Relining of either rigid or flexible culverts may be done either by slip lining or by installing a flexible liner. Slip lining is merely the insertion of a prefabricated pipe inside an existing pipe. The most common insertion pipes are either corrugated metal or plastic. Obviously, the cross-sectional area of the pipe will be reduced. This will likely affect the hydraulic capacity of the culvert. If a smooth plastic pipe is utilized, the velocity of the flow may be increased, in part offsetting the reduction in the capacity due to the decreased area. Should this be the case, the downstream end of the culvert should be investigated to prevent additional erosion. Regardless of the type of pipe inserted, the annular space between the inside of the existing pipe and the outside of the inserted pipe should be grouted. The final product is comparable to a new culvert, placed with little disruption to the traveling public.

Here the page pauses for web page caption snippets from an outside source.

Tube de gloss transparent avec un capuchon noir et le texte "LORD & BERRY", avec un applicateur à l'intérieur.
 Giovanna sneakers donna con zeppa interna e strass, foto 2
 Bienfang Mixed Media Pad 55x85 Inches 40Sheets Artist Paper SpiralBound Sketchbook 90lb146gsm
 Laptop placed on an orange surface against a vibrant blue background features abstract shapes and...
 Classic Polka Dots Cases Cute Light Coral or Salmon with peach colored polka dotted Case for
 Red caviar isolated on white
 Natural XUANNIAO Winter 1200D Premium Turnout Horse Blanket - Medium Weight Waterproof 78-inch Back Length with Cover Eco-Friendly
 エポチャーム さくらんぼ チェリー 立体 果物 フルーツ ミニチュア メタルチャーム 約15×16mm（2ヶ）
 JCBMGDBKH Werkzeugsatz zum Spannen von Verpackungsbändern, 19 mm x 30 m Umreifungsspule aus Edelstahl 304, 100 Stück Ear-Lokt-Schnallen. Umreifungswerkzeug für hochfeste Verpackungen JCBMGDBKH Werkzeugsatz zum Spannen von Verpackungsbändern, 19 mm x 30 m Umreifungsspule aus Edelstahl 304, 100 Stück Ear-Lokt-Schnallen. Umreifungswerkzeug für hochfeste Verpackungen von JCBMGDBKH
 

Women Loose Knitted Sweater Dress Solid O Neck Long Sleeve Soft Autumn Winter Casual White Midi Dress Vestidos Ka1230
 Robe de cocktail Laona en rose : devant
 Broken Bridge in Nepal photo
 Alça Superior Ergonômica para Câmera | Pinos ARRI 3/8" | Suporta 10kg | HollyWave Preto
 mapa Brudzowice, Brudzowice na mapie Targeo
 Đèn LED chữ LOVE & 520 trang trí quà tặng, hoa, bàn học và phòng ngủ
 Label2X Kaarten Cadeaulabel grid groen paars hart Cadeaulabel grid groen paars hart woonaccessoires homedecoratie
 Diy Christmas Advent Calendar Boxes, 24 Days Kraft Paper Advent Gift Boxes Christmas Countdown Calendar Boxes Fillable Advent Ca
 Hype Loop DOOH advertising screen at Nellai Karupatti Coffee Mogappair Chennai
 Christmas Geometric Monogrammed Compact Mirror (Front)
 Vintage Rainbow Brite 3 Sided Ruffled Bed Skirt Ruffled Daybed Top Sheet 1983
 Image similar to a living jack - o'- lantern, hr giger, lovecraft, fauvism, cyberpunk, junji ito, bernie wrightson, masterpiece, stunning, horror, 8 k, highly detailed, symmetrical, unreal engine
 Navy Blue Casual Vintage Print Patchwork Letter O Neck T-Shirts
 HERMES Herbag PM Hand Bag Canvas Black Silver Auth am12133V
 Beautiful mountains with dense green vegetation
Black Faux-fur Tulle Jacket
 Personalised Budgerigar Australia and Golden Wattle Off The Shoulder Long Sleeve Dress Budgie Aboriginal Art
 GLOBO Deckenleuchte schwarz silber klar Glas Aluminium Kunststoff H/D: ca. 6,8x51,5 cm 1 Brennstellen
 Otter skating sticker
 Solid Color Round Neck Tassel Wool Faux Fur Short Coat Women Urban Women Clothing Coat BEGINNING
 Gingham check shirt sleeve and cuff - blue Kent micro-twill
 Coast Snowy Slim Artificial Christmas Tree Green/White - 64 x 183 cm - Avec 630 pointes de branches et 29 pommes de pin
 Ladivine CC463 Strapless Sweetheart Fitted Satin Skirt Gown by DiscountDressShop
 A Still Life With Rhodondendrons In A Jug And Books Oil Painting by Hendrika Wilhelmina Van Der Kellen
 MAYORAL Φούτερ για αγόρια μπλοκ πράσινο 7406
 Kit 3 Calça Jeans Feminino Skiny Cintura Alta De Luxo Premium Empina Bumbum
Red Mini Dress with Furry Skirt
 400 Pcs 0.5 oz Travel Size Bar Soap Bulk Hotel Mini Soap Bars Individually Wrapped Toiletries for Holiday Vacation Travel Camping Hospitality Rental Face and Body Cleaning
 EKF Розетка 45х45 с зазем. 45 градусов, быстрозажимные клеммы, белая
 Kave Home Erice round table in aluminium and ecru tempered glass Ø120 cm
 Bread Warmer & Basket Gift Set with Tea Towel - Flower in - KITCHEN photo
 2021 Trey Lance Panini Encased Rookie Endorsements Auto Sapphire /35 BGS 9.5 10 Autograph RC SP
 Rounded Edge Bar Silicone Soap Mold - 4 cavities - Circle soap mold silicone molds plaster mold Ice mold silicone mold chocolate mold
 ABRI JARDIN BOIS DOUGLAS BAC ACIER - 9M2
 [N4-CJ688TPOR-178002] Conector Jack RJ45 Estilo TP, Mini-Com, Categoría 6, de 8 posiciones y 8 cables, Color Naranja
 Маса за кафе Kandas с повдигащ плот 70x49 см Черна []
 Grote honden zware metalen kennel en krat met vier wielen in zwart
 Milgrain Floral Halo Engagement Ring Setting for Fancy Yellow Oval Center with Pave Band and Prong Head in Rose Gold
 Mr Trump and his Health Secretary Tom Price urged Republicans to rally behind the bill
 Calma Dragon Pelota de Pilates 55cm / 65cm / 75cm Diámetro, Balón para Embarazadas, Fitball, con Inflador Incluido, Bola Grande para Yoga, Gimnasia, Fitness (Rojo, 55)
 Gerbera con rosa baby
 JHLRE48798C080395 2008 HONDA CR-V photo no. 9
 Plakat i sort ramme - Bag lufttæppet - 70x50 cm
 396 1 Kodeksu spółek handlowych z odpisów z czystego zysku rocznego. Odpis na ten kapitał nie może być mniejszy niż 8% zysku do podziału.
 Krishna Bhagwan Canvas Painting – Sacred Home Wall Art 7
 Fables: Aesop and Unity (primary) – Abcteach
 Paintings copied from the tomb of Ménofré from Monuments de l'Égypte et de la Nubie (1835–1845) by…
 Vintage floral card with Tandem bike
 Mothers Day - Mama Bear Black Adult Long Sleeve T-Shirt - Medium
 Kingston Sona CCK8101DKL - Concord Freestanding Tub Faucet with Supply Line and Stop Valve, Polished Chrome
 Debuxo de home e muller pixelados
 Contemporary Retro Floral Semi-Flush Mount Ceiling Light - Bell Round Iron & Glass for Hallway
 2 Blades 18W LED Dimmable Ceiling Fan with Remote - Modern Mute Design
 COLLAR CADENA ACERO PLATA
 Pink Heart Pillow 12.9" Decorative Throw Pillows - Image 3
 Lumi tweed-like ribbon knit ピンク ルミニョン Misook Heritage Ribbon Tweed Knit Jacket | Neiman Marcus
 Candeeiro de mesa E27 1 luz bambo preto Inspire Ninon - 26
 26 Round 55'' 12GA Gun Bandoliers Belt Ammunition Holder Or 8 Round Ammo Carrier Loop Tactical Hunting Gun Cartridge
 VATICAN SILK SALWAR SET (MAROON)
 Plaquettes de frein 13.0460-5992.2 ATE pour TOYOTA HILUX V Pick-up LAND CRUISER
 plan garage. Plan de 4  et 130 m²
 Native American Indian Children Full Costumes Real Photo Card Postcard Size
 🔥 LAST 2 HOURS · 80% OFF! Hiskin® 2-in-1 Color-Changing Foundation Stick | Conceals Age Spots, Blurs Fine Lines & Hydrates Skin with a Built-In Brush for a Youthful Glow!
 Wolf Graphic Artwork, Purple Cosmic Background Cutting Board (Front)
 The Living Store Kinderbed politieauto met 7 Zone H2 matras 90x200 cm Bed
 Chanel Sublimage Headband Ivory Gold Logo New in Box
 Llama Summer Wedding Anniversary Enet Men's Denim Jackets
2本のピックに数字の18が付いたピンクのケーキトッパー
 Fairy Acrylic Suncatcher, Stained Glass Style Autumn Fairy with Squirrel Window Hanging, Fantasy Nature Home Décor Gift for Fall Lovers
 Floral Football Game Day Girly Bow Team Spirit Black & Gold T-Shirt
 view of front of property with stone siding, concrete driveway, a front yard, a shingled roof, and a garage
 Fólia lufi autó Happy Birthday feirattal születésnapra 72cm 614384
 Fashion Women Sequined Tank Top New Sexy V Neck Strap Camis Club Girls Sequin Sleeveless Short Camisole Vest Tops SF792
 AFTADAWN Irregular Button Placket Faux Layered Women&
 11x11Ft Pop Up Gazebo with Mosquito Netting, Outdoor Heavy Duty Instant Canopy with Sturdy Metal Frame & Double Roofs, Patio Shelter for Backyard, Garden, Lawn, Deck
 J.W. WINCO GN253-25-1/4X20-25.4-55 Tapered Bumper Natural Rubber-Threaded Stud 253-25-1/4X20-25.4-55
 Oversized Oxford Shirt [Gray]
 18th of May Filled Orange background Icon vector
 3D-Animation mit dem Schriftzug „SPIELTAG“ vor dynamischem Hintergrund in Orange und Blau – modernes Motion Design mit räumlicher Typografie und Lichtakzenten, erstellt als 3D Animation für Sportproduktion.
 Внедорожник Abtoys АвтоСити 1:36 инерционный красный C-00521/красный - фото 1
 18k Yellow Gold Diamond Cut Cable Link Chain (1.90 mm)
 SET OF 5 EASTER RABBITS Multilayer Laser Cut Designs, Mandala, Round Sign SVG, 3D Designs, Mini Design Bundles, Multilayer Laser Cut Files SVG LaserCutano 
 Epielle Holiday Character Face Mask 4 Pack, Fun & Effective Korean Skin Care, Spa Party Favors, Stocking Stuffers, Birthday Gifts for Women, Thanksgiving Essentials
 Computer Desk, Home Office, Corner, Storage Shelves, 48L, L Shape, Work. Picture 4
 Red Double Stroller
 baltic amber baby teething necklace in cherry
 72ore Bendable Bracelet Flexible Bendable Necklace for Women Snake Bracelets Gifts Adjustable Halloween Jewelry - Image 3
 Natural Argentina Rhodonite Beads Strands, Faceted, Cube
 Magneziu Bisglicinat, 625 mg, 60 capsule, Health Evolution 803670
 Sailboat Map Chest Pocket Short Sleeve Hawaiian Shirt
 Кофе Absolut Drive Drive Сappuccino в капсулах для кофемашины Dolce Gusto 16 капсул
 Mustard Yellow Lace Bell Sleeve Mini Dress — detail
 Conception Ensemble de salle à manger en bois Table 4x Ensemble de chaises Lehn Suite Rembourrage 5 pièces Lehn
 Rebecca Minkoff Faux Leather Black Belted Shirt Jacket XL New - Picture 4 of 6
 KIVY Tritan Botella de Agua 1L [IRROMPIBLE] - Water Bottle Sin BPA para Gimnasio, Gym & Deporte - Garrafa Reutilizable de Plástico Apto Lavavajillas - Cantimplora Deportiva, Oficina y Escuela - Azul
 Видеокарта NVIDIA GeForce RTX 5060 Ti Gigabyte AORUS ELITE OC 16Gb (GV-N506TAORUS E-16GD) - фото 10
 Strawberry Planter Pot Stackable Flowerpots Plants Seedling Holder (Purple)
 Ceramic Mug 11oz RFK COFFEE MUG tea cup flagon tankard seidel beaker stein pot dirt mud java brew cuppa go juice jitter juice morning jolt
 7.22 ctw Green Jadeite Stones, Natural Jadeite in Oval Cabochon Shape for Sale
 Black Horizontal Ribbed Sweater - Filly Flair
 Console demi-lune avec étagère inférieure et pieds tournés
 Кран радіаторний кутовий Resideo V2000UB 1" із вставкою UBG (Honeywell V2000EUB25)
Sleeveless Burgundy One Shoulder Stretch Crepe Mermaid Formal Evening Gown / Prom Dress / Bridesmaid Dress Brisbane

Another method of relining consists of inserting a flexible tube inside the damaged pipe. The flexible tube will generally consist of a resin liner, which, after being inserted inside the subject pipe, is expanded to fit the full cross-section of the pipe. It spans irregularities such as joints that may have opened. Flexible reline pipes are available in a variety of materials such as HDPE, PVC, and thermal-set resins. They are installed using a variety of methods such as fold and form, and inversion processes. The products are specified and designed on a project-by-project basis. Many of the rehabili­tation products can be designed to provide additional structural supprt to the existing pipe. The manufacturer of the material should be consulted as part of the overall design process.